Start of RAW DATA

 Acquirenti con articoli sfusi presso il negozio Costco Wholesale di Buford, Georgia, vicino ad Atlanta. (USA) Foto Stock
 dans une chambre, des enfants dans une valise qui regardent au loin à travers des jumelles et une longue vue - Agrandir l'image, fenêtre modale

End of RAW DATA
Start of RAW DATA

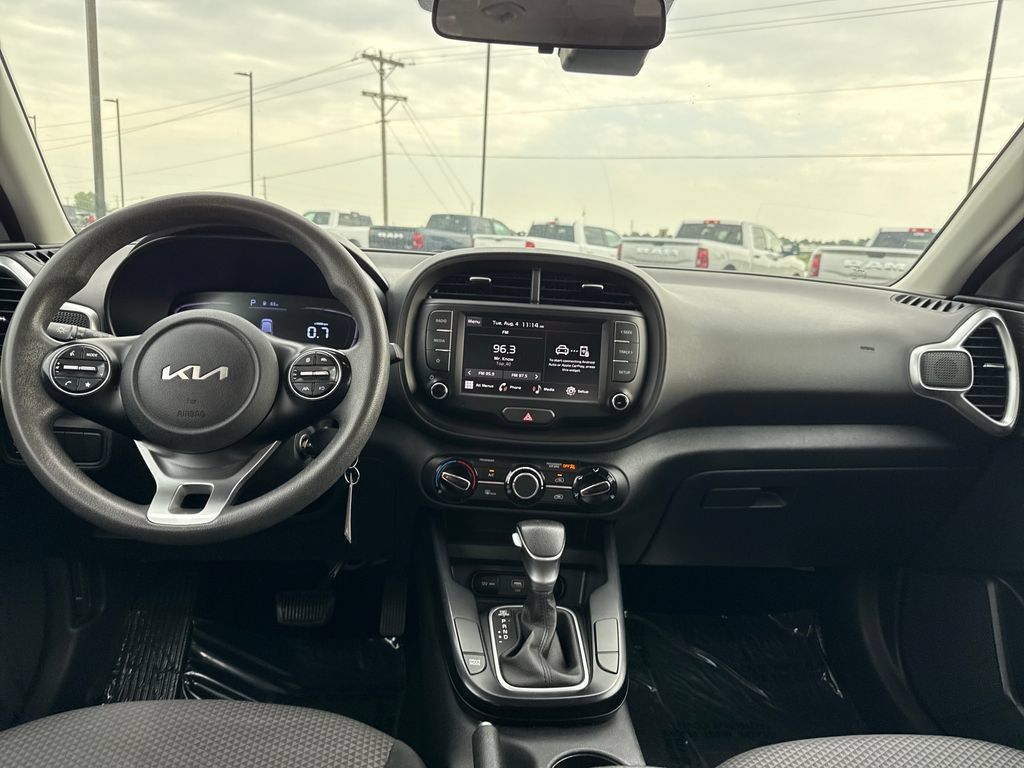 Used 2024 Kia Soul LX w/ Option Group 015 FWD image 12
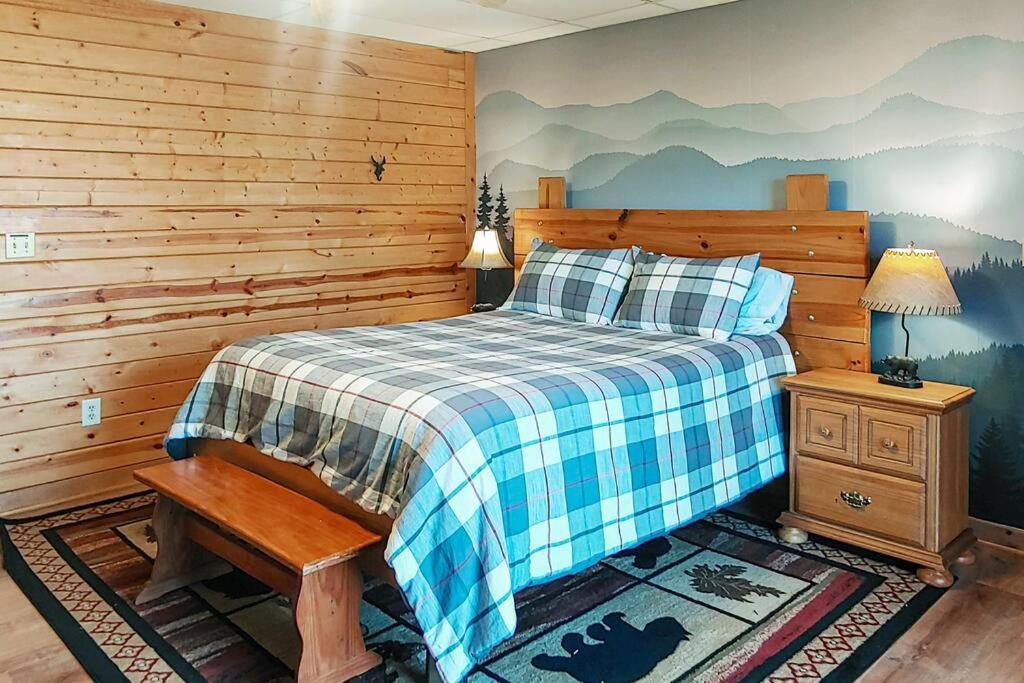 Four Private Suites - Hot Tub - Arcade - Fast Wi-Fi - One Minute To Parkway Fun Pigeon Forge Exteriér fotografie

End of RAW DATA

**PROBLEM TO SOLVE:** Out of the data above, set down the lines from the one with "Acquirenti con articoli" to the one with "dans une chambre, des", both included, exactly as written and with no additions.

**REPLY TO THE EXERCISE:**
 Acquirenti con articoli sfusi presso il negozio Costco Wholesale di Buford, Georgia, vicino ad Atlanta. (USA) Foto Stock
 dans une chambre, des enfants dans une valise qui regardent au loin à travers des jumelles et une longue vue - Agrandir l'image, fenêtre modale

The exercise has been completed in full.